For Quinn that was the sole appeal to leaving Philadelphia: a new beginning. Or, if not a new beginning, a place she could detox for a year, recuperate before applying to Penn or Temple or any of the Philly-area colleges.

In Kettle Springs she could keep her head down, avoid the drama. No one here knew Quinn as the girl whose mother slumped low in the bleachers during last year’s regionals, then puked down her chin.

Nobody in Kettle Springs knew how Samantha Maybrook had died.

Quinn could start over.

She hefted the couch through the threshold and set down her side in the living room, where the smell of stale sweat and cat piss sent her dashing to throw open the windows.

“Oh, what the hell, Dad?” she said.

“The last owner must have been a cat person . . . ,” her dad said, rubbing his neck.

“And a fu— a freaking shut-in.”

Dad dropped his end of the couch—probably leaving two more half-moon dings in the already ruined hardwood—and crossed to the opposite side of the room, throwing open the rest of the windows in the hope of welcoming in a cross-breeze.

It doesn’t matter. Give him a break on the little stuff.

With the air fresher, but by no means fresh, Quinn took in her surroundings. They were coming from a three-story apartment in Fairmount. A trinity, three small rooms stacked on top of each other, where it wasn’t Sunday if she couldn’t hear their neighbors arguing. They had a postage stamp of grass that Mom liked to joke was her “garden.” Quinn had never lived in a real house in her life, and yet it felt like she knew the layout of the house on Marshall Lane by instinct. Turn here and there is your den. Up there you’ll find the bedrooms. Bathroom is the second door on the right.

There was a level of comfort in that familiarity.
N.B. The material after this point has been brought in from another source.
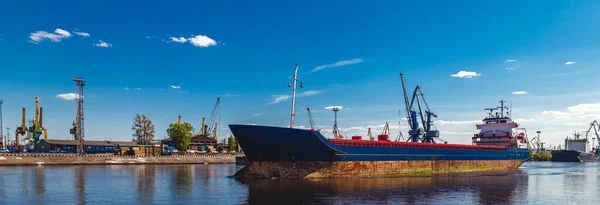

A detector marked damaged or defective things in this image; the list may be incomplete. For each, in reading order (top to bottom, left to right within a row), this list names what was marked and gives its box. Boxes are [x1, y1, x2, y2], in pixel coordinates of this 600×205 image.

rusty hull [234, 159, 524, 179]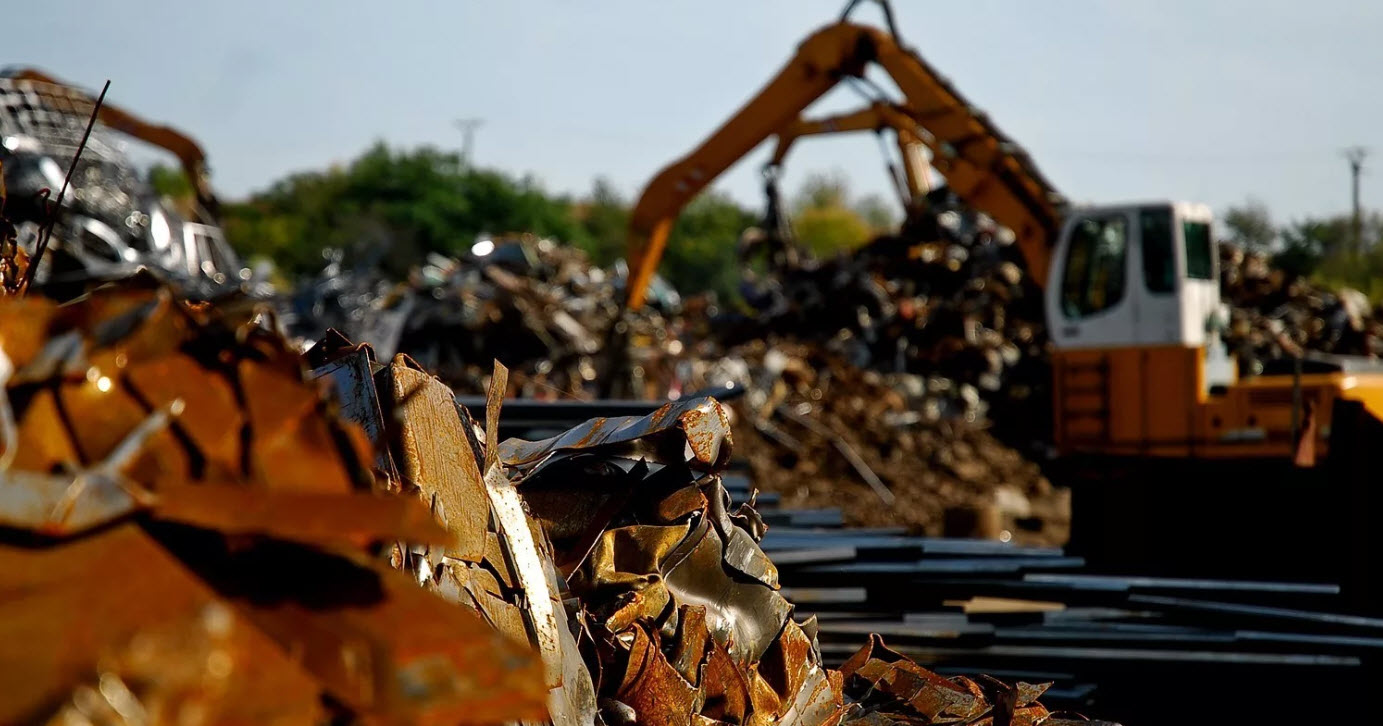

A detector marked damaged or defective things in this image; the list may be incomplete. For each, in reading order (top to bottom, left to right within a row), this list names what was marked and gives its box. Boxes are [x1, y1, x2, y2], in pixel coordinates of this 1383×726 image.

Quinn pulled the couch over against the far wall. They were going to need more furniture, newer furniture, to distract from both the size of the room and the general sense of misery and neglect you got from standing in it.

While they were out furniture shopping, maybe they’d pick up a blowtorch and some accelerant, too.

“Going to grab another box and check out my new room,” Quinn said. “Always wanted to live in an attic.”

Her dad frowned, and she put a hand up before he could start to apologize for things he didn’t need to apologize for.

“No, really. I mean it. There’s a bedroom upstairs with pitched ceilings, right?” she said, remembering the pictures her dad had shared. Then she squeezed out more forced optimism: “This place is actually kind of cool. It’s got . . . personality.”

“I’m glad you like it,” he said, struggling to open the last window and seeming not to hear the snark in her tone. Dad whacked the frame with the heel of his hand and loosened the crumbling paint enough to open the window an inch. “Needs a little work, but it does have promise, doesn’t it?”

Quinn smiled and nodded. With enough work and love, you could save anything.

Well, almost anything.

The screen door slammed behind her, sounding loose, and Quinn leaped down the front stairs in a single bound, grabbing the first box she came to labeled “Quinn’s stuff.”

The house was not as intuitive as she’d first tricked herself into thinking, but after two closets and the hall bathroom, she found the stairs. The stairwell was narrow and the steps were rickety, cracked, and unfinished. No sneaking out of the house, she figured. Or at least more difficult sneaking out.